§ EXERCISE DIRECTIONS: Exclude the images and transcribe the entries below precisely.

§ EXERCISE INPUTS:
--------------------------------
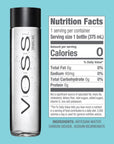 VOSS Sparkling Water From Norway Naturally Pure For A Crisp Refreshing Taste 375 Ml Glass Bottled Water 127 Fl Oz Pack Of 9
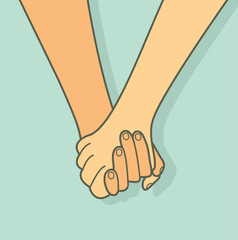 holding hands promise sign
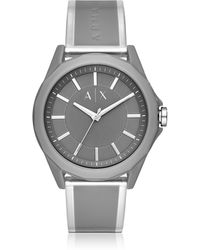 Armani Exchange Drexler Dark Gray Three Hand Polyurethane Watch - Grau
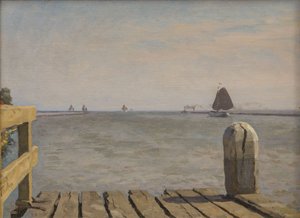 Móló Enkhuizenben, 1918.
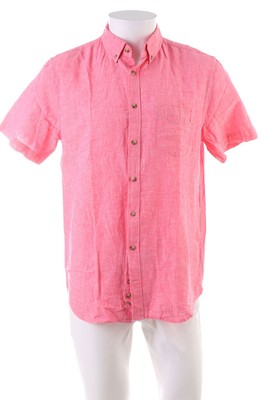 C&A Kurzarm-Hemd mit Button-down-Kragen M rosa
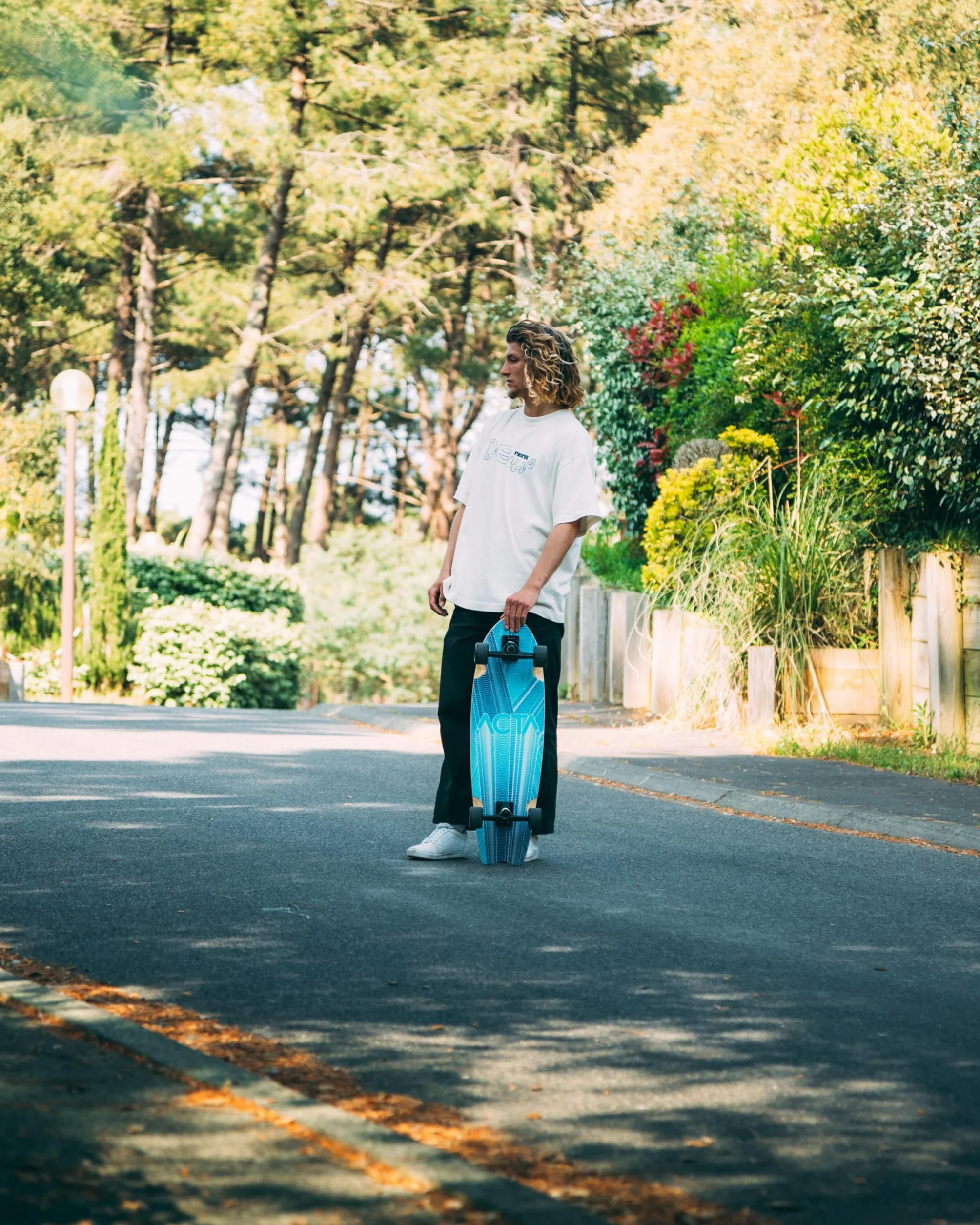 ACTA Surfskate Timber 31" Madera Natural Tabla de Surf de Arce de 7 Pliegues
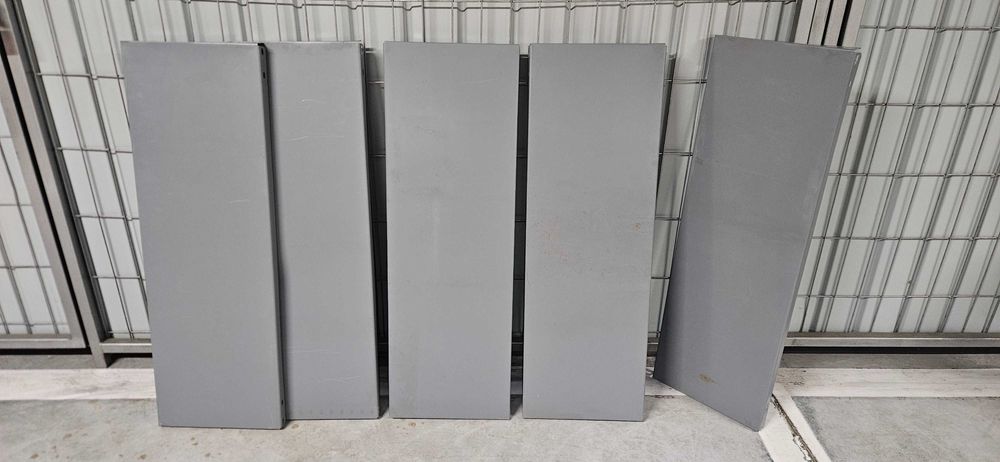 Polite metalice pentru raft modular 900 x 300 mm - 5 buc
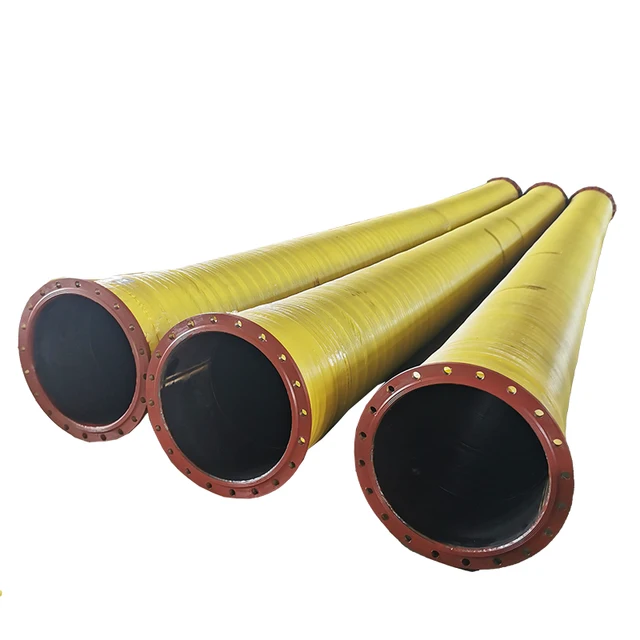 Flange Type Drainage Mud Sand Delivery Project Dredging Rubber Water Suction Discharge Hose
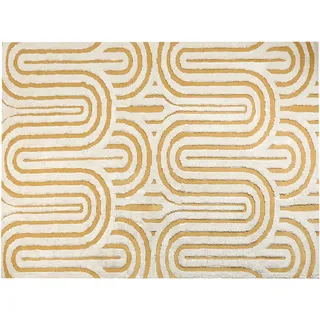 Beliani Perai Teppich 300 x 400 cm Gelb/Weiß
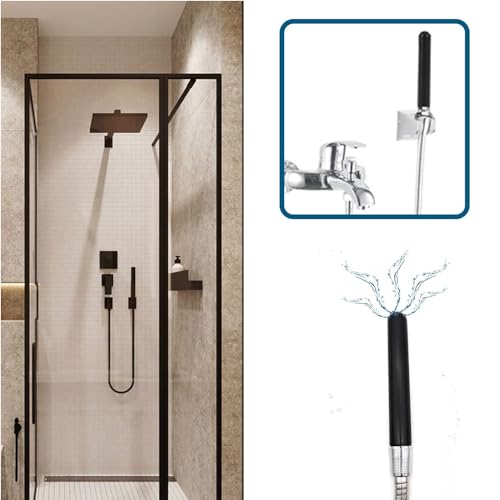 Image of Travel Shower Enema Douche System Water Control Valve for Men and Women Portable Cleaning,Shower Douche Enema Nozzle Kit Colonic System Cleaner for Most Shower Systems Black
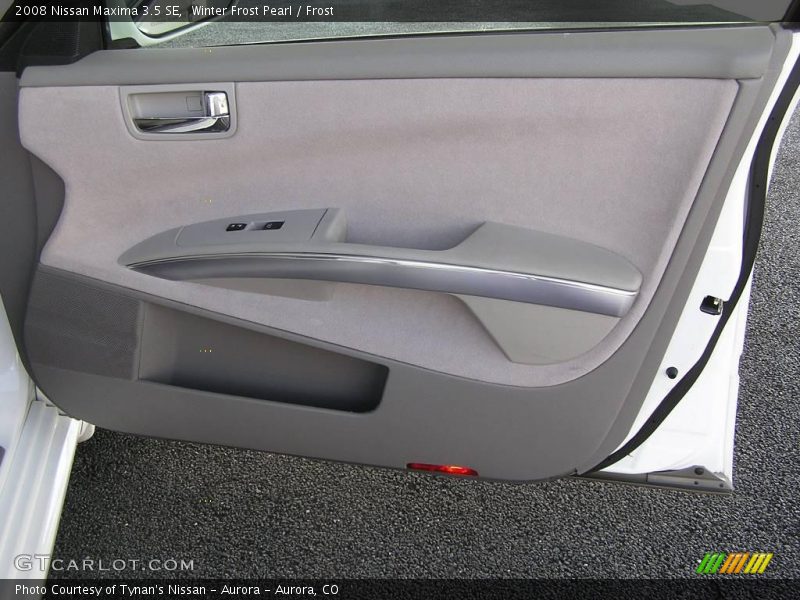 Winter Frost Pearl / Frost 2008 Nissan Maxima 3.5 SE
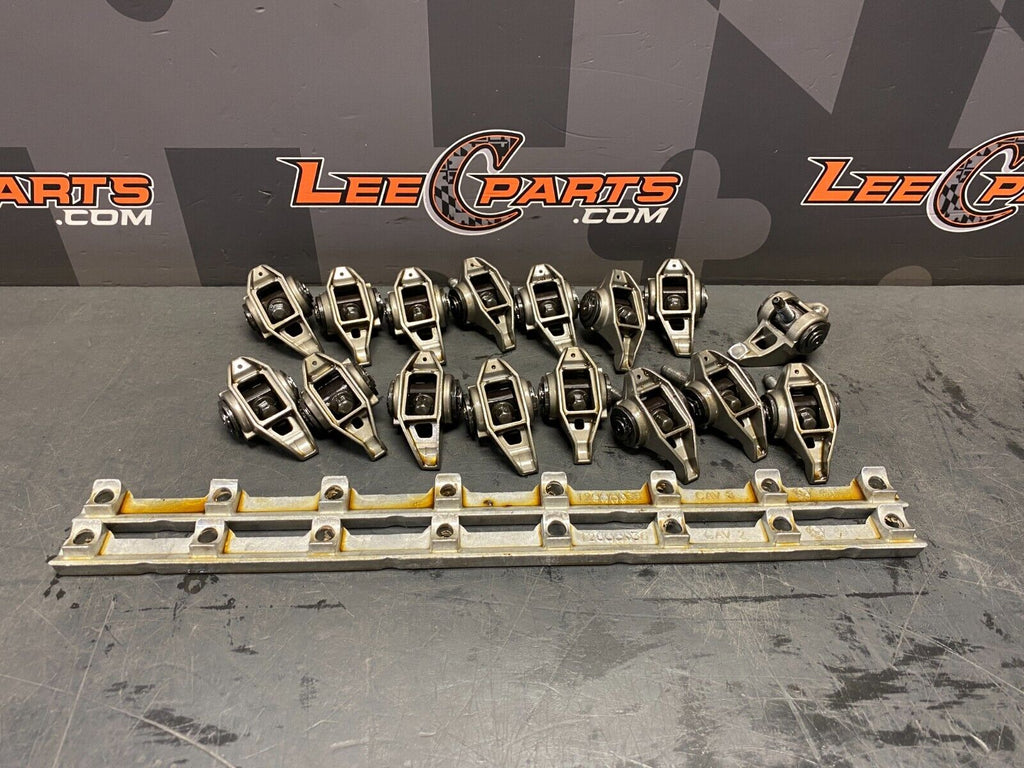 2010 CHEVROLET CAMARO SS ROCKER ARM SET TRUNION UPGRADE WITH BASE PLATES USED
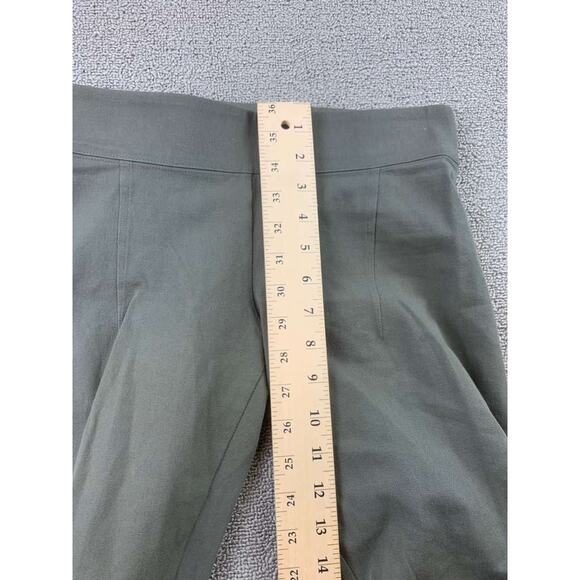 Y2K Helmut Lang Women P XS Olive Green Stretch Slim Pull On Leggings USA Made - Picture 6 of 8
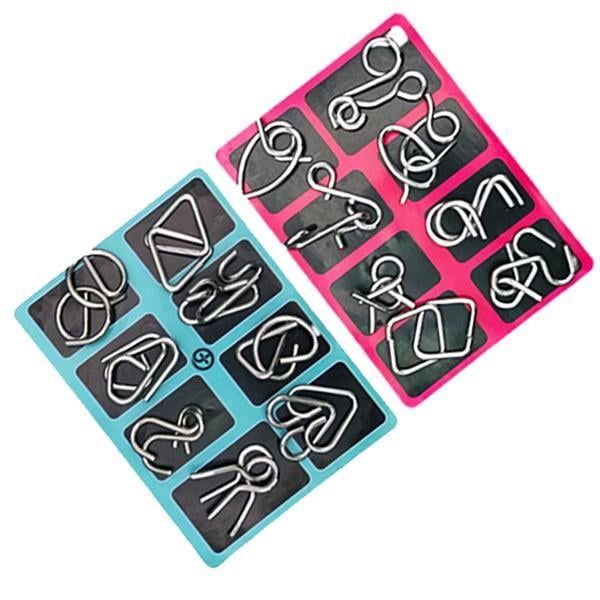 Metal Brain teaser Puzzles Ring Educational Toys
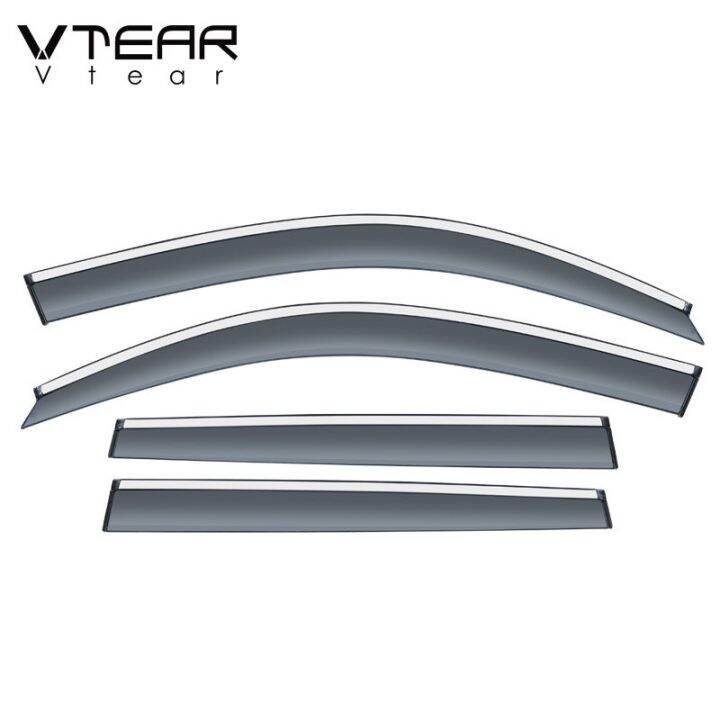 vtear-สำหรับ-bmw-x3-g01-2018-2021หน้าต่าง-visor-ภายนอกอัตโนมัติอุปกรณ์ป้องกัน-sun-rain-guard-คิ้วแถบรถยนต์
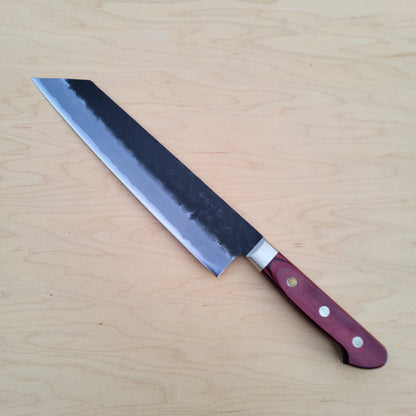 Tsunehisa AS 210mm Kiritsuke Gyuto Nashiji Kurouchi - Red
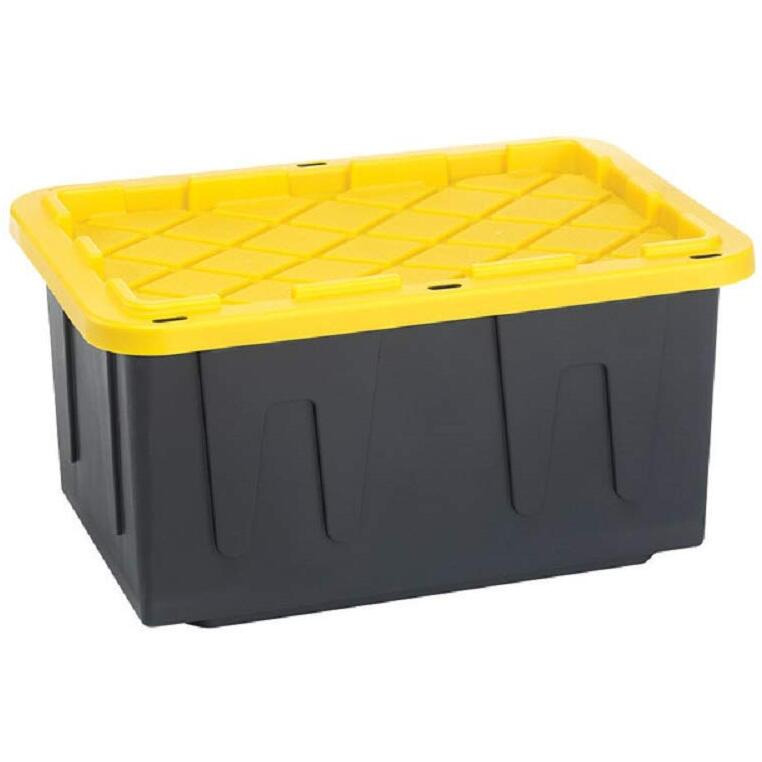 Homz Tough Storage Tote, 27-Gallon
--------------------------------
§ YOUR SOLUTION:
 VOSS Sparkling Water From Norway Naturally Pure For A Crisp Refreshing Taste 375 Ml Glass Bottled Water 127 Fl Oz Pack Of 9
 holding hands promise sign
 Armani Exchange Drexler Dark Gray Three Hand Polyurethane Watch - Grau
 Móló Enkhuizenben, 1918.
 C&A Kurzarm-Hemd mit Button-down-Kragen M rosa
 ACTA Surfskate Timber 31" Madera Natural Tabla de Surf de Arce de 7 Pliegues
 Polite metalice pentru raft modular 900 x 300 mm - 5 buc
 Flange Type Drainage Mud Sand Delivery Project Dredging Rubber Water Suction Discharge Hose
 Beliani Perai Teppich 300 x 400 cm Gelb/Weiß
 Image of Travel Shower Enema Douche System Water Control Valve for Men and Women Portable Cleaning,Shower Douche Enema Nozzle Kit Colonic System Cleaner for Most Shower Systems Black
 Winter Frost Pearl / Frost 2008 Nissan Maxima 3.5 SE
 2010 CHEVROLET CAMARO SS ROCKER ARM SET TRUNION UPGRADE WITH BASE PLATES USED
 Y2K Helmut Lang Women P XS Olive Green Stretch Slim Pull On Leggings USA Made - Picture 6 of 8
 Metal Brain teaser Puzzles Ring Educational Toys
 vtear-สำหรับ-bmw-x3-g01-2018-2021หน้าต่าง-visor-ภายนอกอัตโนมัติอุปกรณ์ป้องกัน-sun-rain-guard-คิ้วแถบรถยนต์
 Tsunehisa AS 210mm Kiritsuke Gyuto Nashiji Kurouchi - Red
 Homz Tough Storage Tote, 27-Gallon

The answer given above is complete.